Unless the person entering into a transaction, placing an order to trade or engaging in any other behavior establishes that such transaction, order or behavior have been carried out for legitimate reasons, and conform with an accepted market practice as established in accordance with application regulations.


(ii)

secures, or is likely to secure, the price of one or several financial instruments, a related spot commodity contract or an auctioned product based on emission allowances at an abnormal or artificial level;

(b)

entering into a transaction, placing an order to trade or any other activity or behavior which affects or is likely to affect the price of one or several financial instruments, a related spot commodity contract or an auctioned product based on emission allowances, which employs a fictitious device or any other form of deception or contrivance;

(c)

disseminating information through the media, including the internet, or by any other means, which gives, or is likely to give, false or misleading signals as to the supply of, demand for, or price of, a financial instrument, a related spot commodity contract or an auctioned product based on emission allowances or secures, or is likely to secure, the price of one or several financial instruments, a related spot commodity contract or an auctioned product based on emission allowances at an abnormal or artificial level, including the dissemination of rumors, where the person who made the dissemination knew, or ought to have known, that the information was false or misleading;

(d)

transmitting false or misleading information or providing false or misleading inputs in relation to a benchmark where the person who made the transmission or provided the input knew or ought to have known that it was false or misleading, or any other behavior which manipulates the calculation of a bench mark.
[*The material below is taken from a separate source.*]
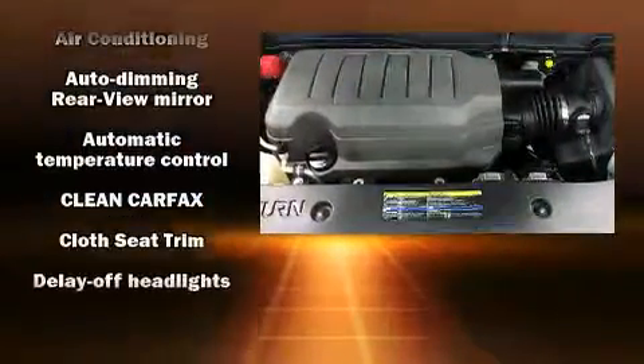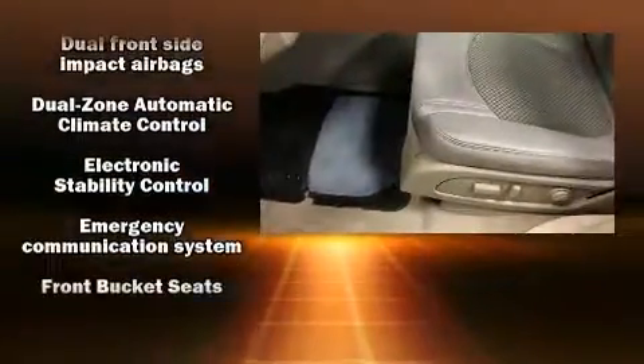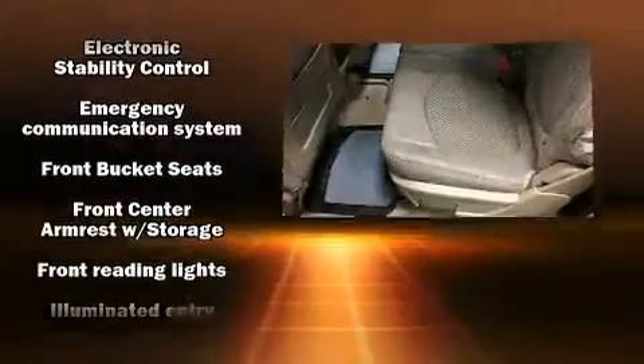Third-row seats expand the maximum passenger capacity to eight. Side-curtain airbags deploy in extreme circumstances, shielding you and your passengers from collision forces.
Concerning false or misleading dissemination, all Company employees are reminded that TotalEnergies SE is under multiple obligations regarding the content of the information to be publish as well as the modalities of their communication. Hence, the employees are recommended not to use their individual accounts in Social Medias to disseminate information related to TotalEnergies and act cautiously in doing so.

2.SANCTIONS

In France, market abuse can be subject to an administrative sanction ("breach") or to a criminal sanction ("offence"). Because of the principle of prohibition of double-jeopardy16, a defendant cannot be sued both by the Financial market Authority and by a criminal jurisdiction for the same facts.
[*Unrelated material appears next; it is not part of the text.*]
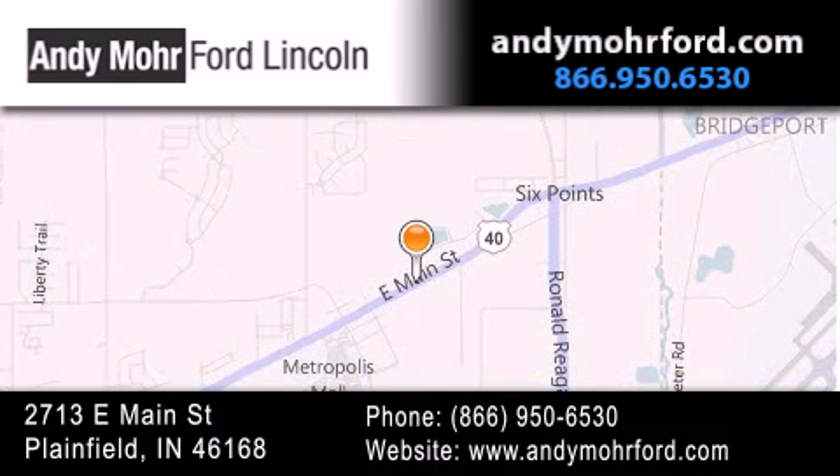You can search our new and pre-owned inventory online, get new car pricing, and receive free no obligation price quotes. Stop by and visit us today at 2713 East Main Street in Plainfield or see us online at AndyMooreFord.com.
Criminal sanctions applicable to market abuse have been reinforced since 2016. Market abuse may now be punished by up to 5 years of imprisonment maximum17 and a fine up to €100 million or up to ten times the amount of the benefit achieved owing to the offense. In case of market abuse, pecuniary sanctions may be up to 15% of the total annual consolidated turnover for a legal entity. Attempt incurs the same penalties.

Financial penalties incurred in case of administrative breaches are the same. The amount of the penalties is set according to different criteria including, in particular, quality and length of the breach; the quality and degree of involvement of the defendant, the situation and financial capacity of the defendant, the importance of gains or advantages obtained, the losses or costs averted by the defendant, or the losses realized by third parties.

3.DECLARATION OF SUSPICIOUS TRANSACTIONS18

Banks, brokers, investment companies and market operators shall declare to the French Financial Markets Authority (AMF) without delay any transaction that may constitute insider dealings or market manipulations (or attempts). This declaration is confidential.

16

Constitutional Council declared unconstitutional the combination of penalties and sanctions by criminal jurisdictions and by the sanctions' Commission of the Financial Market Authority (decision No. 2014-453/454 QPC and 2015-462 QPC 18 March 2015).

17

10 years when infringements are committed by an organized group.

18

Regulation (EU) 596/2014 on market abuse, article 16. French Monetary and Financial Code, Art. L. 621-17-3.